When I look back on my life, books are the one constant. A safe place midst the ever-changing world, they offer knowledge, enlightenment, entertainment, and hope. I can’t remember a time when I wasn’t reading and at a very early age, mysteries became my genre of choice. As a kid, my mom was the reader in the family – she read the classics, of course (and TIME Magazine, which she kept rolled in her back pocket at the ready when a few spare minutes presented themselves or a kid needed a gentle smack across the bottom). But she also read Earl Stanley Gardner, John D. MacDonald, and if you looked between the mattress and box spring of her bed, you would discover she also read Mickey Spillane. And so did I. I did read Nancy Drew, the Hardy Boys and all those books intended for kids my age, but I was entranced by the grown-up stuff. Forbidden territory in those days.

As I’ve grown, friends have come and gone; jobs have come and gone, and family too. I still turn to books as that safe place. My reading choices have changed over the years, but mysteries (or crime fiction as some call it today) remain a steady constant.
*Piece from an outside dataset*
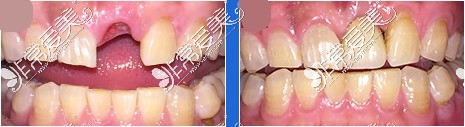 北京圣贝口腔医院种植牙对比照片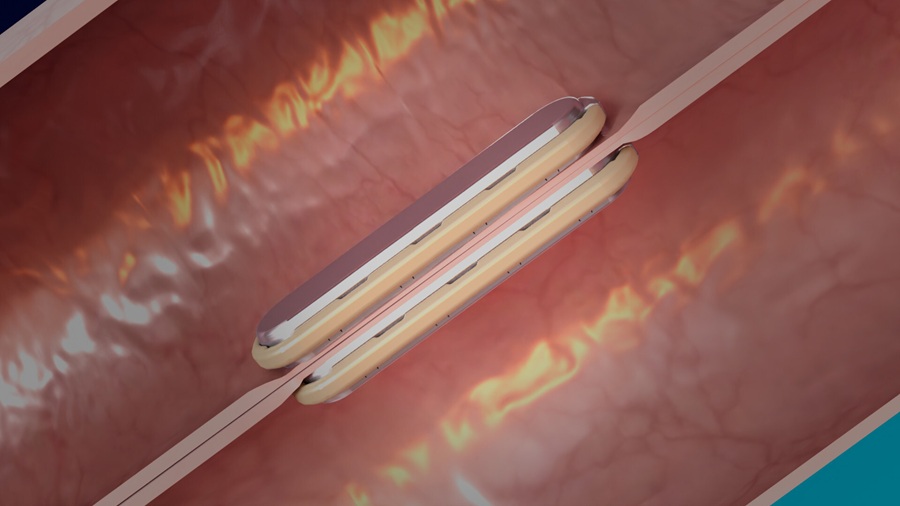 Image: Self-aligning MagDI System magnets fused together (Photo courtesy of GT Metabolic Solutions)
Ten years ago my friend, Chris Aldrich, and I took over publication of a mystery paper entitled Mystery News – the dream of a lifetime to be involved in the mystery book, author and fan community. Published six times per year, Mystery News has included thousands of book reviews and hundreds of interviews with mystery authors. And it is here, in this wonderful community that I found my own voice amongst the voices of so many others.
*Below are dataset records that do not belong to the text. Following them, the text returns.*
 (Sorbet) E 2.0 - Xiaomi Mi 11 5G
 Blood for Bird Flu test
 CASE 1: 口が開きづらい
And so it is with this in mind that I offer this column to you. You won’t find book reviews here, but rather a discussion of books and authors. Once a month I’ll tell you about a mystery author and their body of work. Some will be experienced authors with their voices finely honed and many books under their belts. Others will be the new voices of mystery with their rough edges and their first or second books just hitting the shelves.

Laurie R. King

For this issue I’ve chosen Laurie R. King – a finely honed voice, an incredible talent, and a very cool person, indeed. King has published seventeen books to date with the newest, Touchstone, planned for January 2008. Her work falls into three categories: the Mary Russell books, the Kate Martinelli books, and three, soon to be four, stand-alone suspense novels.

The Mary Russell books, beginning with The Beekeeper’s Apprentice, are historical mysteries set in England in the early 1900s. Mary Russell is a bright young, independent woman who literally runs into a retired beekeeper on the Sussex Downs. The beekeeper turns out to be none other than Sherlock Holmes. The series, now consisting of eight books, follows the relationship between Holmes and Russell as they solve numerous puzzles together and apart. Written in 1987, The Beekeeper’s Apprentice was King’s first book, although not published first, it took the mystery world by storm when it made its appearance in 1994.

At the time, King had already earned her BA in Comparative Religion and an MA in Old Testament Theology – you’ll find her background peeking through in some of the later Russell and Martinelli books. In fact, she is so good at this that her husband, a retired professor in Comparative Religions, totally fell for the entirely fictitious modern Fools Movement that represented the core premise of To Play the Fool, the second book in the Martinelli series. But I digress. The Beekeeper’s Apprentice was written in just 4 weeks, 28 days. King claims it’s been heavily rewritten and that she doesn’t write at that pace any longer. No matter, it’s an astounding book and has just been reissued in trade paperback by Picador. Four of the early Russells will be available in this format by November.

The Kate Martinelli books, now numbering five, began with A Grave Talent (a book that would fetch almost $1,000 in the collector’s market if I had actually bought it in first edition as was strongly suggested at the time). Martinelli is a current day San Francisco homicide inspector. Although the series may, at times, follow the generic police procedural plot line, the books are far more complex than the average cop story. The relationships between lesbian detective Martinelli and her SFPD partner Alonzo Hawkin and Martinelli and her life partner Lee Cooper give the books their unique perspective. A Grave Talent was originally published in 1993 and after a six-year hiatus, the fifth in the series, The Art of Detection, was published in 2006.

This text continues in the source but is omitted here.